1:00-2:30 Adventures in the chromatin jungle:
Nucleosome evolution and interactions
Karolin Luger, University of Colorado, Boulder
Invariably, all eukaryotes organize their DNA into nucleosomes, consisting of an octamer of the four core histone proteins H2A, H2B, H3, and H4, around which 147 base pairs of DNA are wrapped in two tight superhelical turns. With the discovery of small histone-like proteins in most known Archaea, the likely origin of this fold was identified. Most Archaea encode only one or two minimal histones that form polymers around which DNA coils in a quasi-continuous superhelix rather than forming defined particles. I will discuss implications of this discovery for the evolutionary origins of eukaryotic chromatin.

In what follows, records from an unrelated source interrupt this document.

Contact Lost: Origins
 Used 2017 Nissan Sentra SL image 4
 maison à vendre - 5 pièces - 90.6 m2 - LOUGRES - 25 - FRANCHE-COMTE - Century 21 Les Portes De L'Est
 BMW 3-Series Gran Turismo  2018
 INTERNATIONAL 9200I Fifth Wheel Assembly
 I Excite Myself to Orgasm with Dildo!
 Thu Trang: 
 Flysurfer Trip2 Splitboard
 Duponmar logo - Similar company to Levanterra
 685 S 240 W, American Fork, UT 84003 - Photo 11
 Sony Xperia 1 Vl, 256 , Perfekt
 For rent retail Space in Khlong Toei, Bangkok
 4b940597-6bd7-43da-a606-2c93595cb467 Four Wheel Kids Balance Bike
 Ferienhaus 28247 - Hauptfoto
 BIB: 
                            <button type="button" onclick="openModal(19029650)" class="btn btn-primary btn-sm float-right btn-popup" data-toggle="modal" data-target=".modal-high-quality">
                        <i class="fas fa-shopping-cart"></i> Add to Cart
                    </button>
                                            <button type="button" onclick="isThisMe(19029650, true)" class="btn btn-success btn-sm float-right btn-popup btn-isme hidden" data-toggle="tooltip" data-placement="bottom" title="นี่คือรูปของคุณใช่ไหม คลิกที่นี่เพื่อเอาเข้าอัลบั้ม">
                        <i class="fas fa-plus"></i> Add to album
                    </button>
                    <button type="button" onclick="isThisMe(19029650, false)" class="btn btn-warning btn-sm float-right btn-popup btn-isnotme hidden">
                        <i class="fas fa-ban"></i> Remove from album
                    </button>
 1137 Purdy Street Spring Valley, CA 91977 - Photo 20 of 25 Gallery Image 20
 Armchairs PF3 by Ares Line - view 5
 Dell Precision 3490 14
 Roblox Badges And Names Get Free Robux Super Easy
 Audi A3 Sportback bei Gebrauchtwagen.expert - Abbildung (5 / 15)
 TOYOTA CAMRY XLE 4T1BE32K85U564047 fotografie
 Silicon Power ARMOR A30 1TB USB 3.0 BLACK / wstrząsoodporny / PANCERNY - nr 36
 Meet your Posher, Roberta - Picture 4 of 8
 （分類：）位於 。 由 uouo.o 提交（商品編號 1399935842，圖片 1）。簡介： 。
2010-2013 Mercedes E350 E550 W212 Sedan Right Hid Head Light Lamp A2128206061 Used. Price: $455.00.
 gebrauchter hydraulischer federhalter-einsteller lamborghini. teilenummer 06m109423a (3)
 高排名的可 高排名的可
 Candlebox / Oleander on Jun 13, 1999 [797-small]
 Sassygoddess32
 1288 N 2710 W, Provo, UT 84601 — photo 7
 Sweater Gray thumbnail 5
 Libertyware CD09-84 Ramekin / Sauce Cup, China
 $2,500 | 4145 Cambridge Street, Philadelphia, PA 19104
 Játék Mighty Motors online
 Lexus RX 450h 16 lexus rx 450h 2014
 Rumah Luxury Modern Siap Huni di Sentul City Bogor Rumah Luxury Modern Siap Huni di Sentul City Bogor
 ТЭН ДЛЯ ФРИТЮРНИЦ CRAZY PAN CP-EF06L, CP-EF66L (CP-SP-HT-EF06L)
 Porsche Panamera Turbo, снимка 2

Nucleosomes are highly abundant, and all nuclear factors have to operate in this structural context. Poly(ADP-ribose) polymerase 1 (PARP1) and the less abundant PARP2 together are essential for the DNA damage repair response in all eukaryotic cells. PARP1 and PARP2 bind tightly to chromatin and nucleosomes, yet are rapidly recruited to sites of DNA damage. Using live-cell imaging coupled with mathematical modeling, we studied the rapid recruitment of PARP1 to sites of DNA damage in vivo. Combined with millisecond timescale measurements of DNA binding to PARP1 in vitro, we arrived at a mechanism for PARP1 movement in the nucleus.